There are many, many instrument classifications in IB, from asset type, duration bands, maturity bands, country, country group, region, currency, currency group, broker type, coupon type, interest rate type, settlement type, collateral type, contract type, rating type, clearning house type, issue type, market type, derivative type, interest calculation type, direction, swap type, etc. All these can be created as their own table or created as 1 common key-attribute-value table. I prefer the latter due to its simplicity and consistency in modelling, as well as ease of use. The primary benefit for doing so is that we don’t need to change the data structure, i.e. using 1 common table we don’t need to keep creating a new table when we have a new classification, which in IB it happens almost every month. Within RL of course all of them goes to 1 dimension: instrument.

 

Fact Tables

There 8 major fact tables in IB:

  1. Position
  2. Transaction
  3. Risk
  4. Performance
  5. Collateral
  6. Deal Pipeline
  7. Client Account
  8. Prop Desk

I’ll explain the above 8 one by one, bear in mind that each of them might be implemented as two or more physical tables.

  1. The Position fact table stores the daily value of each position (instruments and cash) in each portfolio. It also stores the analytic values of each instrument, such as spread and yield. And time-based properties such as duration and maturity along with its banding.
  2. Transaction fact table stores the buying and selling activities in each portfolio, and non-trade transactions too, e.g. interest payments, defaults, haircuts, instrument maturity, and corporate actions.
  3. The Risk fact table stores the VARs, Tracking Errors, stress test impacts. To be flexible, in some IBs it is designed as a “vertical fact table” where the “risk type” column determines the measures. But for read-efficiency and for clarity reasons I prefer to create the measures as individual columns, with the time horizon (1 month, 1 year, etc.) as a separate columns, and “cuts” (by region, currency, asset class, etc.) as separate columns.

Risk is usually calculated not at instrument level, but at “cuts” level, including at portfolio level. But if it does then we need to create a separate fact table to store risk numbers at instrument level.

  1. The Performance fact tables stores the growth of a fund in the last 1 month, 3 months, 6 months, 1 year, 3 years, 5 years and 10 years period. Each “share class” is stored in their own row.

 

Before continuing to fact table number 5 to 8, let me explain the aggregatability first:

Unlike Position and Transaction fact tables, both Risk and Performance fact tables are not aggregatable.
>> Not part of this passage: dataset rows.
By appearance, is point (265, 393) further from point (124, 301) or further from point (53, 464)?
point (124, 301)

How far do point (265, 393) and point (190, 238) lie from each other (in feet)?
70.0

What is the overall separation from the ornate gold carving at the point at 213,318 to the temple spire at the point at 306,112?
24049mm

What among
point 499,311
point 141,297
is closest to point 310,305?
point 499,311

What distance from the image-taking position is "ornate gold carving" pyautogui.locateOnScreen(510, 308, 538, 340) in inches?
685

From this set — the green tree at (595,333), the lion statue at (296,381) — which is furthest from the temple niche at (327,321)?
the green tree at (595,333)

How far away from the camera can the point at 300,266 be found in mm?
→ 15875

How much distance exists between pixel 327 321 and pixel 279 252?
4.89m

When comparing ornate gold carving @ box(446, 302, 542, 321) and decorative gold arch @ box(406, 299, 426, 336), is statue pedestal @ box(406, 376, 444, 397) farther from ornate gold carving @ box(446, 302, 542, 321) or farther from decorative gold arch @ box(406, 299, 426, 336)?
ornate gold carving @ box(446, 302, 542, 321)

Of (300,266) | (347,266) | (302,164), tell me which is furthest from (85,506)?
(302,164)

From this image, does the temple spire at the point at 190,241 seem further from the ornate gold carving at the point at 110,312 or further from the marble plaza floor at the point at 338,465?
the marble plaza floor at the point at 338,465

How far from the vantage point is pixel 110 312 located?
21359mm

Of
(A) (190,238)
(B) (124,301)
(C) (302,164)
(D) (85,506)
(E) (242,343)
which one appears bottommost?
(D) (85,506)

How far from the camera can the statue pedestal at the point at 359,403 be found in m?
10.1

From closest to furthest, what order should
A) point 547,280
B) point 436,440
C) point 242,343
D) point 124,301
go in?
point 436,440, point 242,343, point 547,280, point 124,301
Every “cut” in the Risk fact table stands on their own, and every share class in the Performance fact table stands on their own.
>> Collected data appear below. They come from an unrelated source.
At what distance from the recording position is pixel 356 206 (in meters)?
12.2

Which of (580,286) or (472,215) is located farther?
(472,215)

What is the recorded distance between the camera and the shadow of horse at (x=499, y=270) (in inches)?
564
The Position and Transaction fact tables are only aggregatable up to portfolio or fund level. It best not to put the share class into position or transaction fact table, because from position and transaction point of view, they are the same. But in the Risk and Performance fact table, we must put the share class, because the Risk and Performance numbers are different for each share class (because Risk and Performance numbers are affected by the portfolio currency and accumulation/income).

 

  1. The Collateral fact table stores the market value of individual OTC derivative (called MTM – marked to market) and the required value adjustments in collateral against each broker-dealer.
  2. The Deal Pipeline fact table stores the flow of a deal between the bank and lending clients, M&A clients, and transaction banking clients. It record the status since when the client was a prospect, until the deal is agreed and closed.
  3. The Client Account fact table stores the clients money that we manage and invest, including subscriptions (deposits, i.e. client puts money in) and redemptions (withdrawals, i.e. client takes money out), buying and selling activities. This fact table need to store both the movements and the daily balance of each client account (hence preferably split into two – one periodic snapshot, one transactional).
  4. The Proprietary Desk fact table stores the bank’s own money that we manage and invest, including subscriptions and redemptions, buys and sells, and corporate actions. It is a legal requirement in US, EU and UK that we must separate clients money and our own money.

 

That’s the technical design of the BI for IB. Hope it has been useful for you.

Ref:

  1. Message Automation
  2. ISDA OTC Commodity Lifecycle
  3. Trade Processing

 

4 July 2016

Historical Portfolio Positioning

Filed under: Analysis Services — Vincent Rainardi @ 7:08 am

One of the most difficult chart to create in asset management sector is Historical Duration Positioning like this:

Sample portfolio

First we have to get the numbers for each category for each month (at least each quarter), e.g. in January the portfolio was as follows:

  1. Government 25%, 1.1 years
  2. IG Corporate 20%, 0.7 years
  3. EM Sovereign 10%, 0.4 years
  4. EM Corporate 5%, 0.3 years
  5. High Yield US 10%, 0.2 years
  6. High Yield non US 5%, 0.4 years
  7. Securitised 10%, 0.7 years
  8. Convertibles 10%, 0.9 years
  9. Cash 5%, 0 years

The 2 numbers above are market value weighting (%) and duration (years). In the above the portfolio duration was 4.7 years (sum of all the durations from 9 categories).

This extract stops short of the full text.